There is the obvious problem that the stock in the company may never be worth anything. But there are many other potential problems with stock options as well. A recent case is illustrative.

It was rumored that one or several senior executives of Skype lost their stock options when Skype agreed to be acquired by Microsoft earlier this summer. As best I can tell many employees of Skype had the right to purchase shares of Skype in accordance with a stock option agreement. That agreement was subject to the terms of the standard company-wide Stock Option Agreement. This is very common. The company-wide stock option plan in turn was subject to the terms of an investor stock plan. There was a provision in the investor stock option plan that allowed the investors to buy back the vested stock options of former employees of Skype at the stock election price. So if you had a vested option to buy 100 shares at $1 each, and the shares were now worth $100 each, the investors could buy back your stock options at $1 per share, wiping out any value you had gained in the stock options. At least one former employee appears to have lost his stock options this way. It is also rumored that a number of senior executive were recently fired and that they too will lose their stock options.

Yee Lee, the individual who appears to have lost his stock options in Skype had written about his experience in a blog. The letter Ricardo Velez, Skype’s associate general counsel, sent him is available here, and his stock option agreement is available here.

(Mr. Lee might still have legal recourse. It is possible that Mr. Lee could argue that the contract terms that forfeited his stock options were unconscionable, or that he had an implied contract right to the options that superseded. I am interested to see if he fights for his options.)

I have read blog comments that this situation is unusual. I do not agree. I have reviewed many stock option plans for clients. The company-wide Stock Option Plan is often subject to the terms of one or more other documents. I always ask the clients to get me a copy of those documents so that I can review them. Sometimes the client thinks I am just trying to run up my fee. But as the Skype case demonstrates, it is important to follow up on the details. In my experience it is rather common that the Stock Option Plan or the additional documents contain one or more legal conditions that could potentially make the client’s stock options worthless. It has also been my experience that the company is not gong to make any changes in these documents for just one person. It is a take it or leave it offer. My standard advice to clients is to insist on enough salary or outright stock grants to make the job worth taking, and consider the stock options as a potential bonus that may or may not come to be. Or accept the risk that you are taking a large risk and that the risk factors are mostly beyond your control.

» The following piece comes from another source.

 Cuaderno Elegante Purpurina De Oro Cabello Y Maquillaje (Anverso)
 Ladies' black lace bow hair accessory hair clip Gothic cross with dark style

Do not rely on the fact that you are friends with the people in charge of the company. They may be your friends now. But when there is a large amount of money at stake, friendships tend to fade fast.

If you think the company has value, you should try to stay with the company until you can cash out. As one Skype representative has been quoted as saying in response to the Skype situation,

“You’ve got to be in it to win it. The company chose to include that clause in the contract in order to retain the best and the brightest people to build great products. This individual chose to leave; therefore he doesn’t get that benefit.”

Of course every situation is different. There is less risk if you are receiving stock options in a public company with a large number of shareholders, positive financial track record, and is not likely to undergo a major change in order to raise capital. There is more risk in a start up that has yet to make a profit, and has no market for its shares, and is likely to restructure itself through a merger or sale, or other stock manipulation, in order to raise capital.

Stock options are still a great way to get rich. But they also remain a very risky way to do so. If you go the stock option way, be aware of the high degree of risk involved.